Namun, ternyata masih ada yang mengapresiasi apa yang sudah saya lakukan di Kompasiana. Meskipun, saya tahu kalau apa yang saya tulis di Kompasiana sebagian besar karena hobi dan gairah pribadi saja.
Bukan karena ingin memengaruhi pembaca. Kalau pembaca terpengaruh, semoga bisa mengambil yang positifnya saja.
Itulah yang membuat saya sebenarnya terheran-heran jika ada yang menominasikan saya di Best in Specific Interest. Memang, itu adalah keinginan saya untuk dapat memiliki satu bidang yang menonjol di dalam hal menulis, tetapi saya pikir tulisan orang lain masih lebih berdampak secara sosial dibandingkan tulisan saya.
Namun, tetap saja saya mengaku berterima kasih kepada orang-orang yang sudah percaya dengan kapasitas saya. Ini juga mengantarkan saya ke pengalaman yang baru, yaitu bersanding dengan orang-orang yang tentunya lebih hebat dari saya.

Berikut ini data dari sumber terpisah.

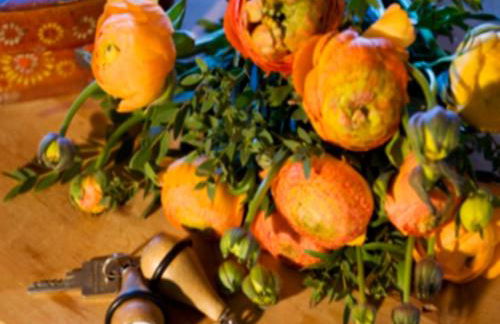 Residence Kampidell - Foto 26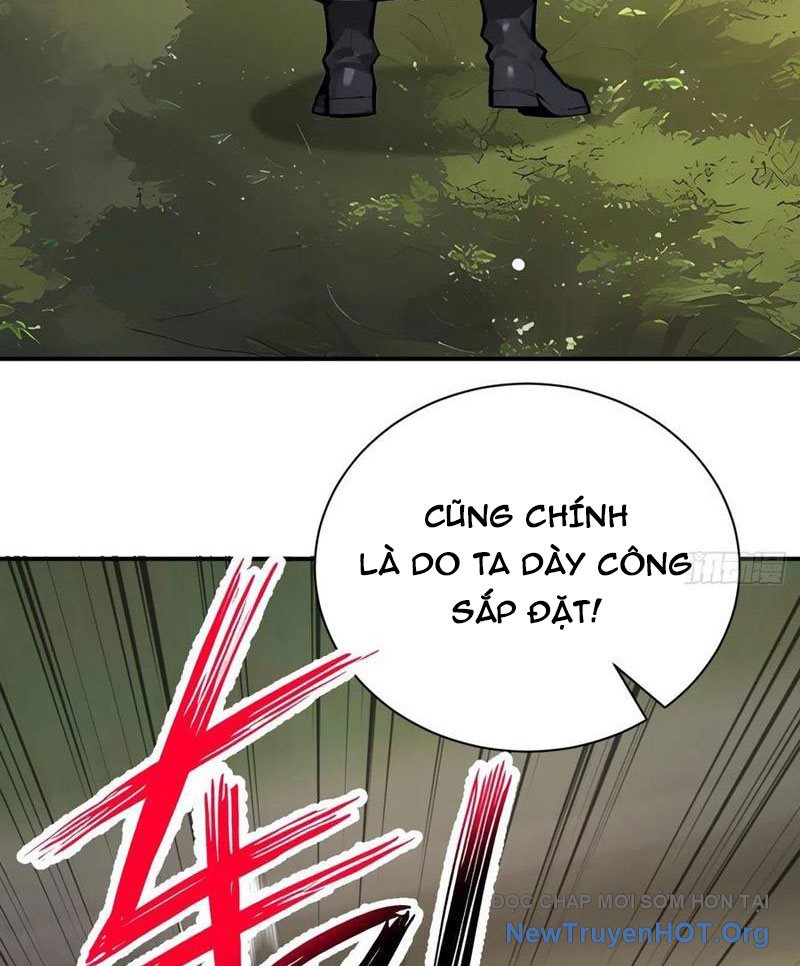 Bắt Đầu Vô Địch Từ Trúc Cơ Chapter 55 - Trang 2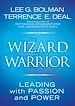 Télécharger le livre :  The Wizard and the Warrior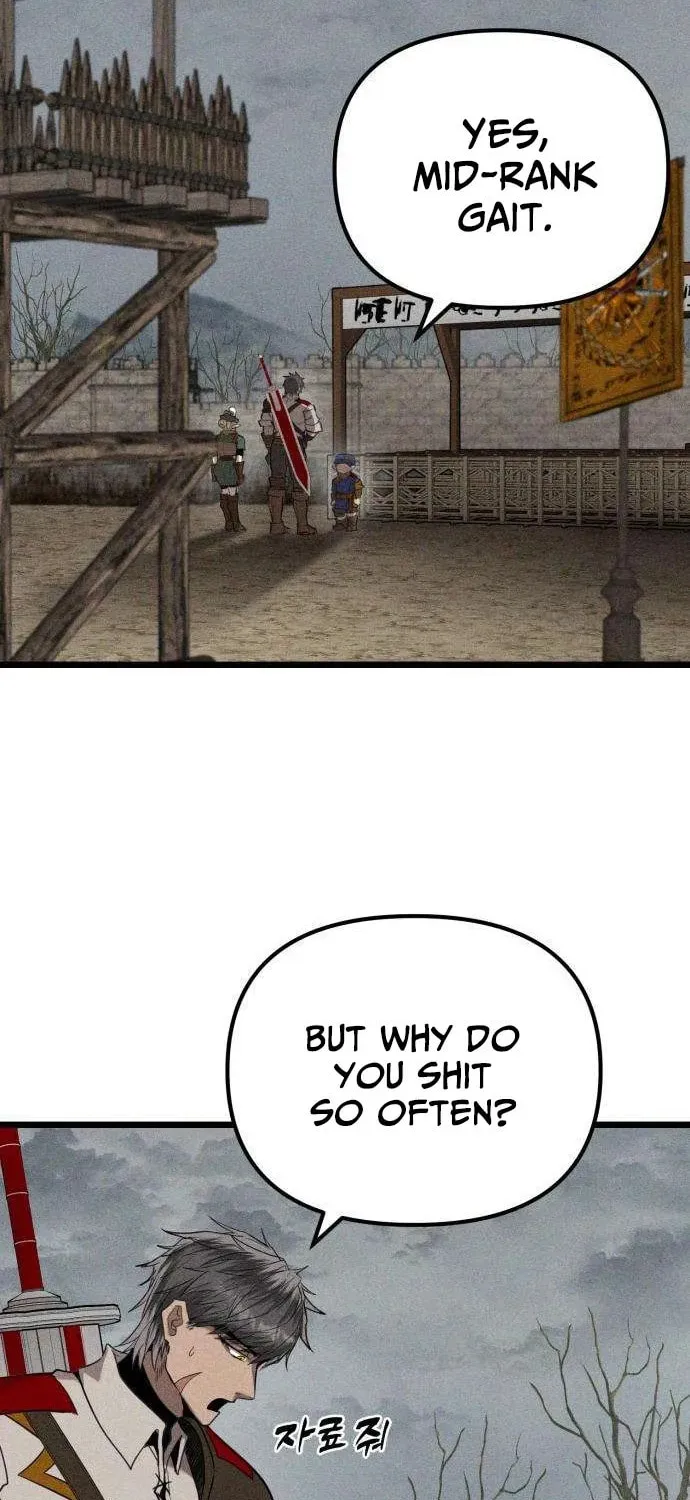 Fantasy Enlistment Squad, chapter 2, page 37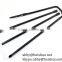 Spare Tire Tool Replacement Set Kit for Jack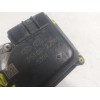 Recambio de caja mariposa para hyundai tucson (tl, tle) 1.6 gdi referencia OEM IAM 351002B300 351002B300 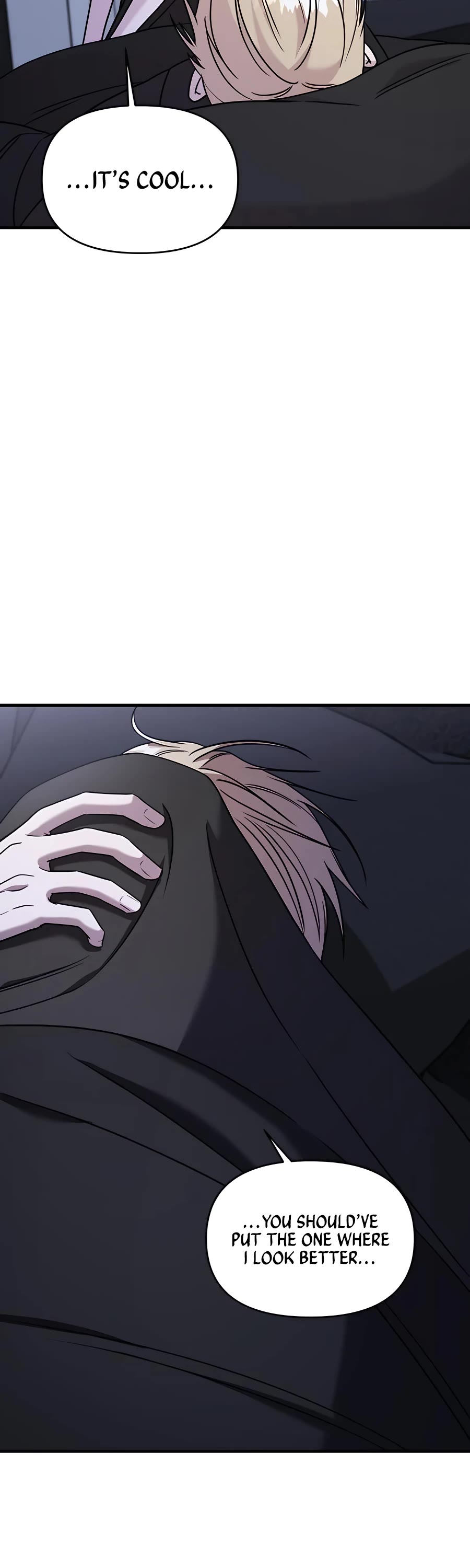 Pure Villain Chapter 48 page 75 - Chapter 48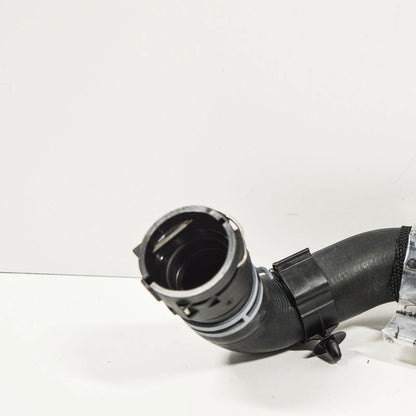 NEW VW TRANSPORTER T5 RETURN COOLANT HOSE 7E0122051M ORIGINAL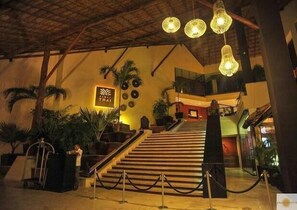 Exterior - Aldea Thai 2225, 2 Bedrooms (Playa del Carmen)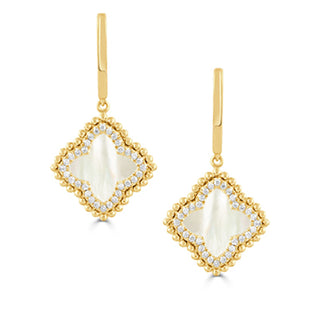 Doves pearl drops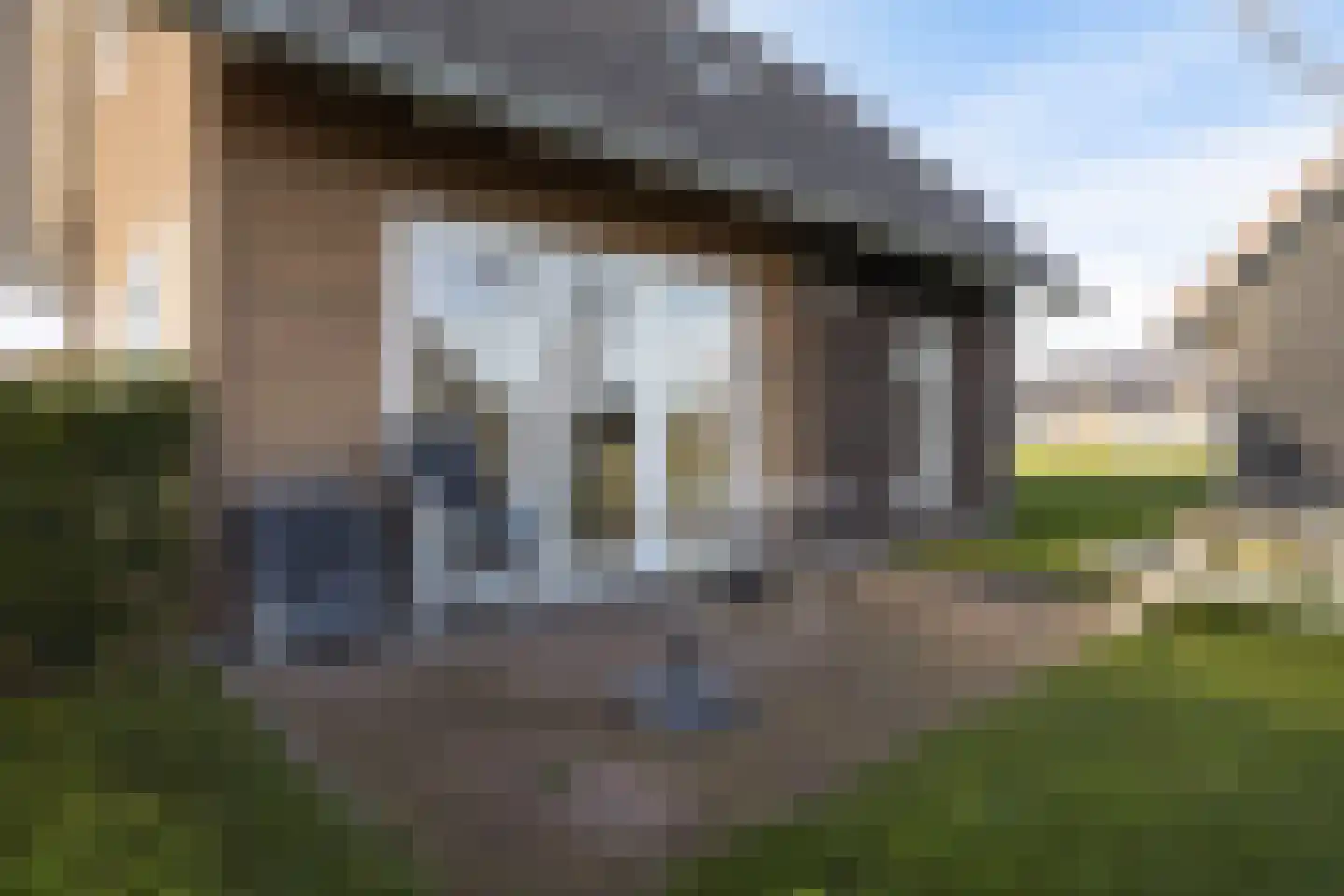 Baanstpoldersedijk 4 214 Nieuwvliet thumbnail 21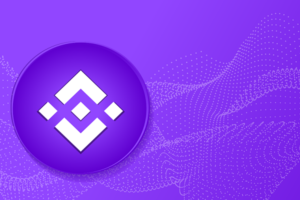 СМИ раскрыли анонимных VIP-клиентов Binance из иска CFTC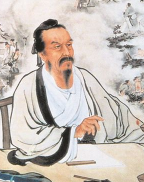 施耐庵
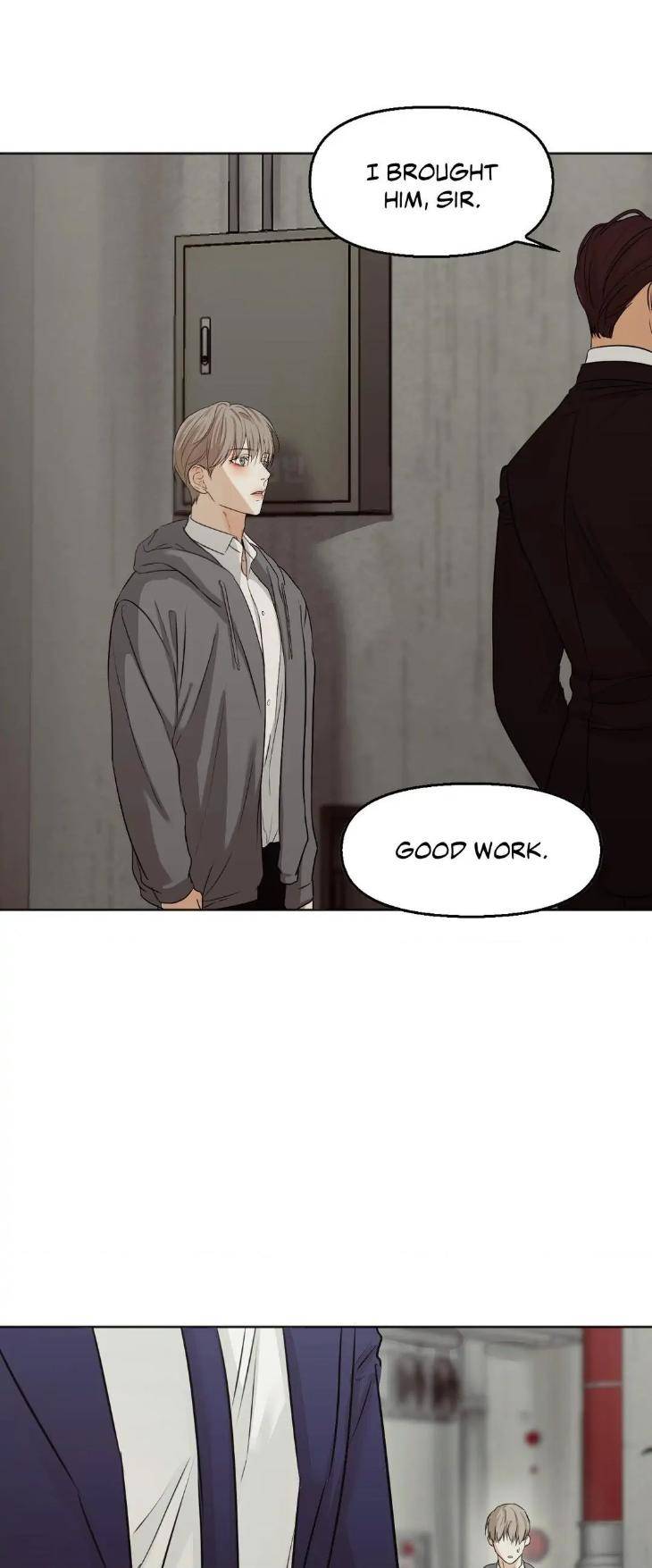 Cry-Me-A-River-By-Majjip-Uncensored-Eng page 10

Saya tahu, semua orang pasti memiliki rintangan masing-masing. Itulah mengapa, saya juga dilema, karena di satu sisi sangat ingin berpartisipasi dengan kompasianer lain di Kompasianival 2020. Tetapi, di sisi lain hal itu akan membuat saya lupa dengan empati saya dengan apa yang sedang terjadi pada orang tua.
Saya pun akhirnya memilih tidak berpartisipasi di dalam keseruan Kompasianival 2020, yang mungkin tidak akan terjadi lagi dengan format seperti ini. Karena, semua orang pasti lebih ingin bertatap muka daripada berinteraksi secara daring.
Suatu harapan yang sebenarnya bukan karena saya pesimistis terhadap ruang berkreasi di Kompasiana, tetapi tentang apa yang akan terjadi di waktu selanjutnya. Itulah yang membuat saya cukup ragu akan dapat bertahan lama.